Can a ratio of performance be used to measure dependence and assign weights in a weighted average?

#1
With only a modest grasp of inferential stats and maths in general, I've been wondering how one might derive the weights for a weighted average from a variable that isn't as straightforward as a frequency score. Consider the following scenario.

Let's say I have measurements of effectiveness for a set of wheat fertiliser products (such as a growth rate), along with measurements of various associated behaviours in the crop (improved absorption levels, nutrient conversion rates etc.) Observations are made at many farms across the globe and throughout the year so conditions vary, hence the need for historical averaging in an analysis of the products. Also, notably, the effectiveness of a product and its behaviour profile often vary a lot from one wheat variety to the next with some products working better on variety A, others on variety B, or variety C etc.

Therefore, if I want averages for the various readings of a particular product on variety A, I could simply exclude all observations made on other varieties from the analysis. However, let's assume the amount of data is limited so that excluding those observations would be too costly. In that case I wouldn't want to treat all of the observations for the product in question with equal relevance since observations on non-A varieties would carry less 'weight'. Taking weighted averages would of course address this obstacle, but how to go about calculating the weights here?

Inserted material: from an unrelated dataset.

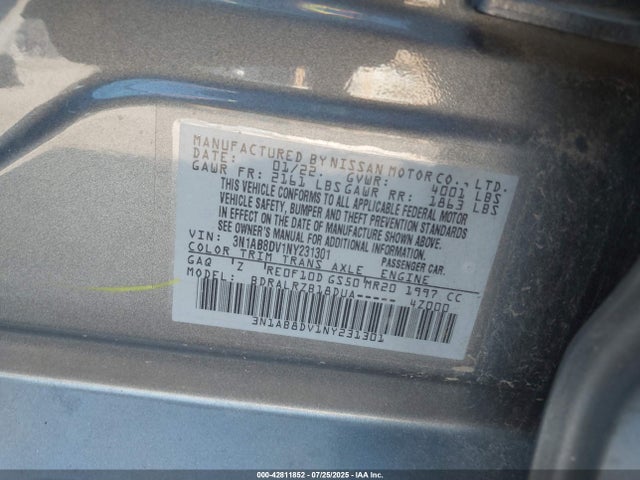 3N1AB8DV1NY231301 Nissan Sentra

My first idea would be to simply use the ratio of a given product's average effectiveness between variety pairs. For example, if a product's average effectiveness is 50 units on variety A and 40 units on variety B, and I want averages of the behaviour readings of this product on variety A, could the weight assigned to observations on variety B be calculated as follows: 40 / 50 = 0.80 (where observations on variety A are assigned a weight of 1)? But then what if the scores were reversed (40 units on variety A and 50 units on variety B) - would the following work:

50 / 40 = 1.25 ,
1.25 - 1 = 0.25 ,
1 - 0.25 = weight of 0.75 ..?

My problem (confusion) with this method is in understanding how a difference in effectiveness (as presented here) can be directly used as a measure of dependence between datasets. If a product is 20% more effective on variety A than on variety B, is there any mathematical reasoning that leads to the conclusion that observations on variety B are 20% less relevant in an analysis of the product on variety A?

Compare this with an alternative approach. I believe I could find the correlation between the average effectiveness scores for each pair of varieties across all of the products (assuming there are enough products) and use the correlation scores directly as the weights, since correlation certainly is a measure of dependence. But wouldn't this technique blanket over the individual differences between the products in a way that the former approach would not, leading to less accurate weighted averages for a given product?

Sorry if some major rookie errors are overcomplicating things here but my head really hurts! Any pointers would be appreciated.
 
Last edited:

noetsi

Fortran must die
#2
I think the classical way to do this is not through weights but block designs, but I am guessing that did not occur. I have not seen variables not in the model controlled for by weights this way.
 
#3
Thanks for your input, I hadn't come across 'blocking' before.

Please correct me if I'm wrong but from what I gather this would involve splitting the data. If so, the purpose of assigning weights in the scenario in the OP would be to make use of a larger amount of data as splitting into subgroups by wheat variety would be too costly (i.e. insufficient observations leading to averages that are less accurate than weighted averages using all available data). Can you think of any fundamental problem with weighting the data for this purpose?

I've tried to find examples of various weighting techniques but with little luck. Which is very weird to me because I would've thought that weighted averages are far more versatile and useful than this would suggest.
 

noetsi

Fortran must die
#4
Blocking is a design common in ANOVA and used with crops a lot. An example of it is growing something in different types of soils, the differences are the basis for the blocks. I guess that would be splitting the data, it deals with a variation in the data. I am not enough of an expert in such designs to comment on them.

https://www.statsdirect.com/help/analysis_of_variance/randomized_blocks.htm

I have never seen what you propose discussed in the literature so I do not feel competent to comment on it.
 
#5
I see - thanks for the info and I appreciate the help, although I'm afraid the parallels are purely coincidental! I don't have a much of a statistical background so I'm unfamiliar with a lot of the common knowledge. On the plus side, I'm learning a lot from my self-help stats books.

It seems to me that averages are more or less what statistical analysis is all about, and I'm finding it hard to move on without getting the weighting business in the OP straight, even if it's a just a theoretical exercise. If I can clarify anything for anybody please let me know.